## Task prompt
Reproduce everything from the line that contains "Ford Puma 1.0" down to the line that contains "Michael Beet : DK Models & Casting" in the listing below, word for word and nothing more. Leave the pictures out.

[Records for the task Boundary: Start]

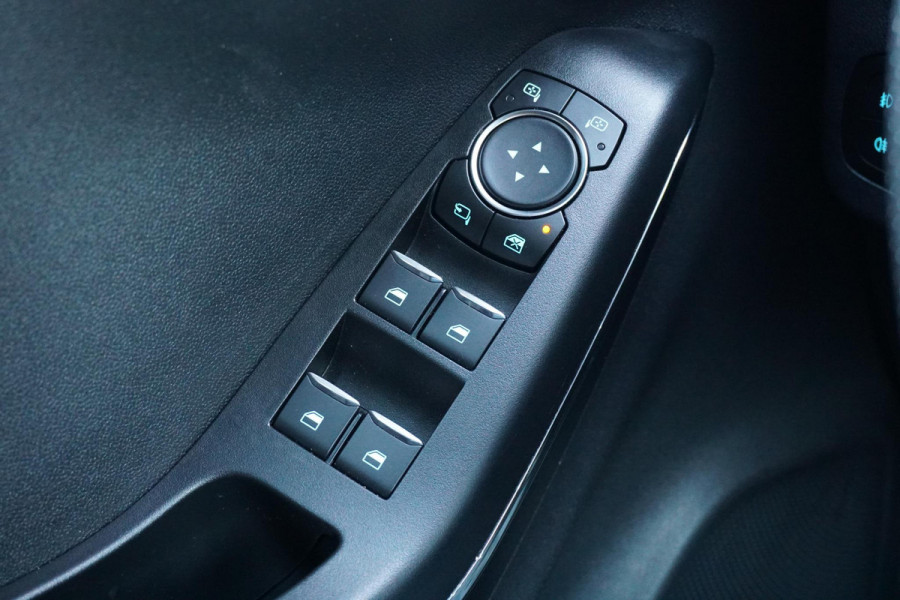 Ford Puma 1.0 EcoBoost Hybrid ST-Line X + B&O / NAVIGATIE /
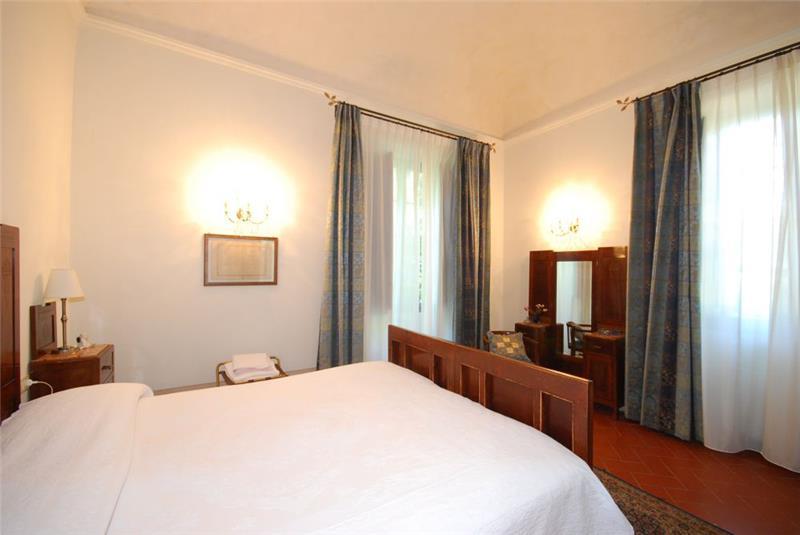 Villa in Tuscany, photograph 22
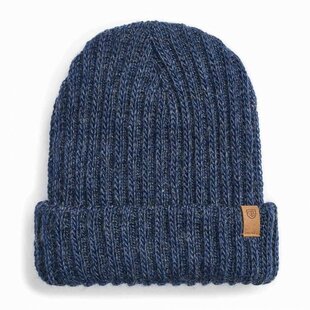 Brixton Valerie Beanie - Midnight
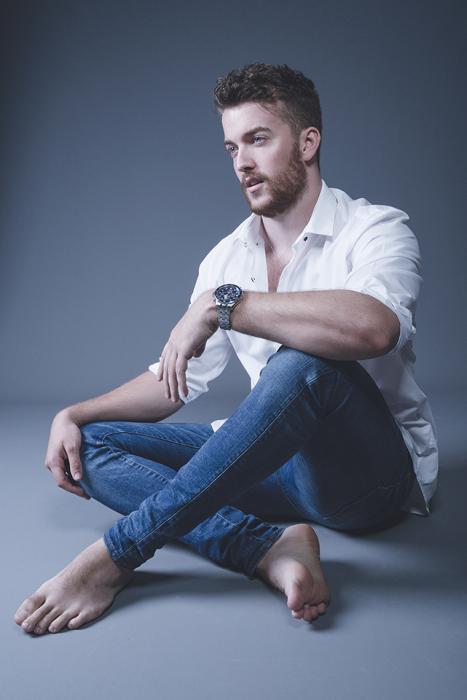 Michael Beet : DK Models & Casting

[Records for the task Boundary: End]
[Records for the task Boundary: Start]

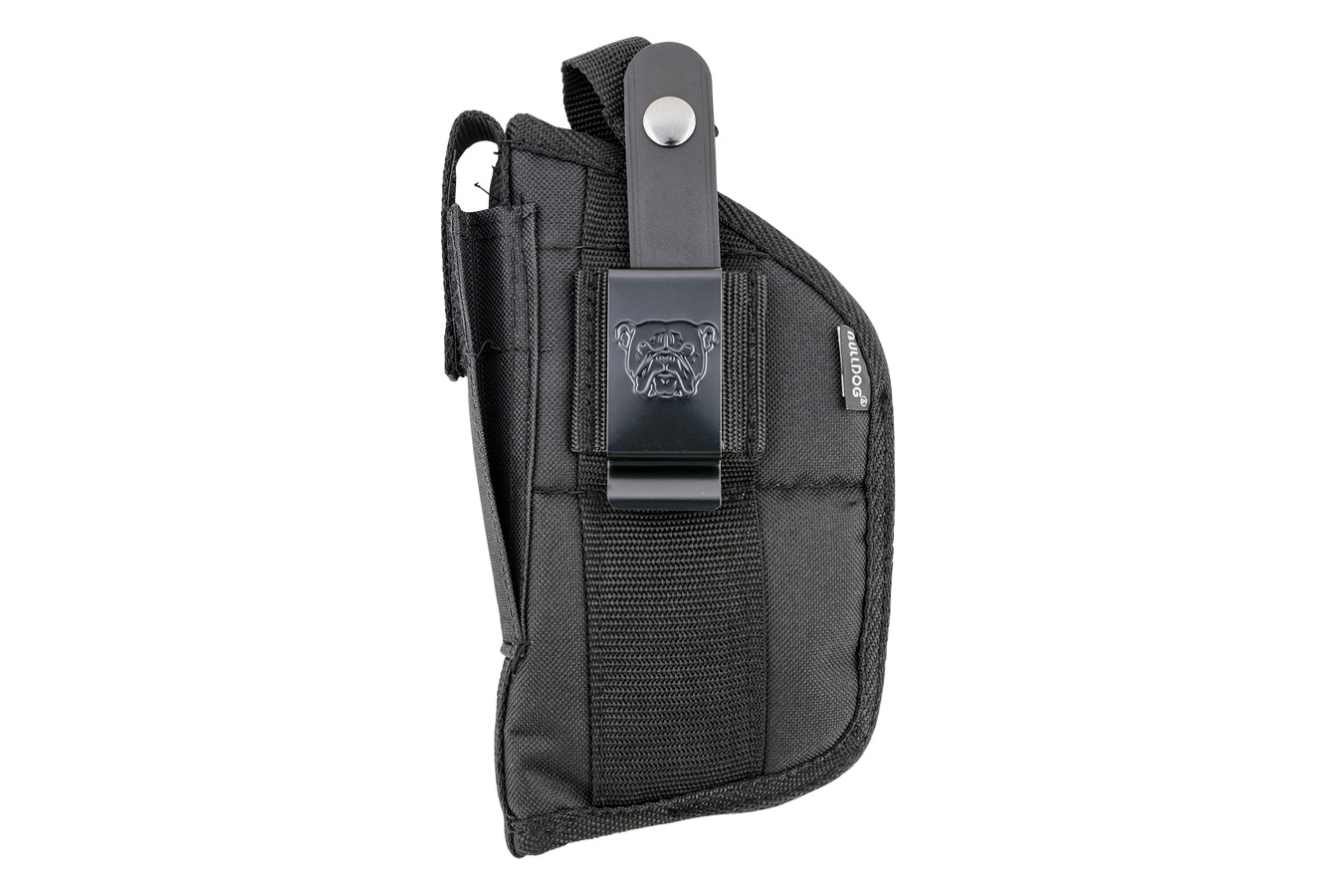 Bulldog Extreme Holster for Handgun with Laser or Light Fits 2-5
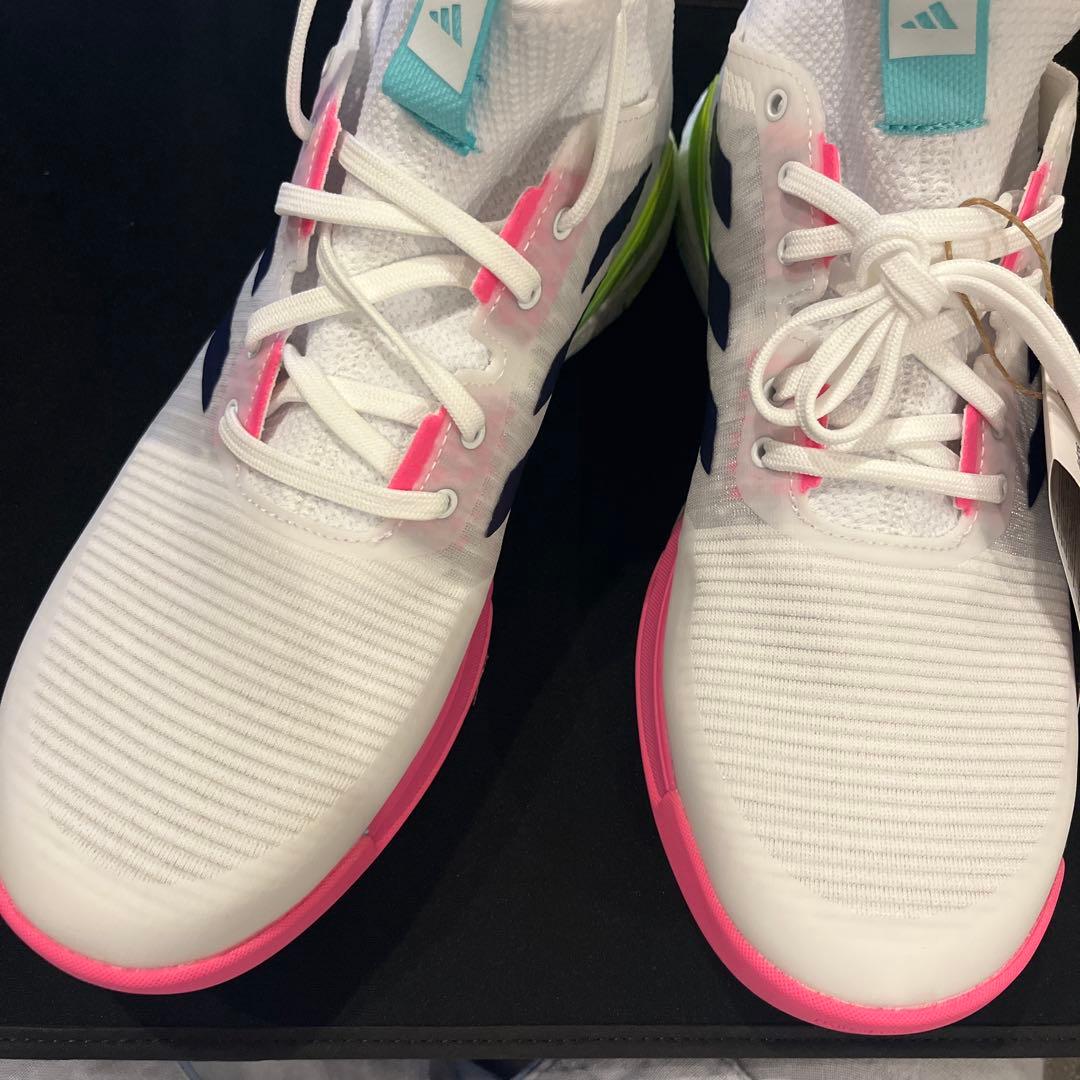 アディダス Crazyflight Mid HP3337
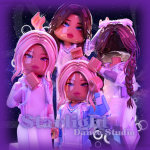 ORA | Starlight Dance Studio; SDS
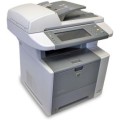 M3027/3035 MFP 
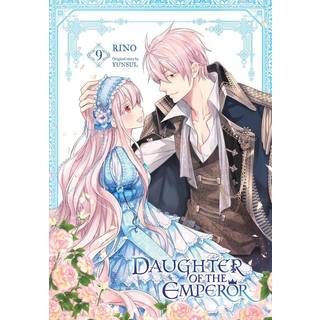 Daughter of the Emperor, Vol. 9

[Records for the task Boundary: End]

## Expected answer
 Ford Puma 1.0 EcoBoost Hybrid ST-Line X + B&O / NAVIGATIE /
 Villa in Tuscany, photograph 22
 Brixton Valerie Beanie - Midnight
 Michael Beet : DK Models & Casting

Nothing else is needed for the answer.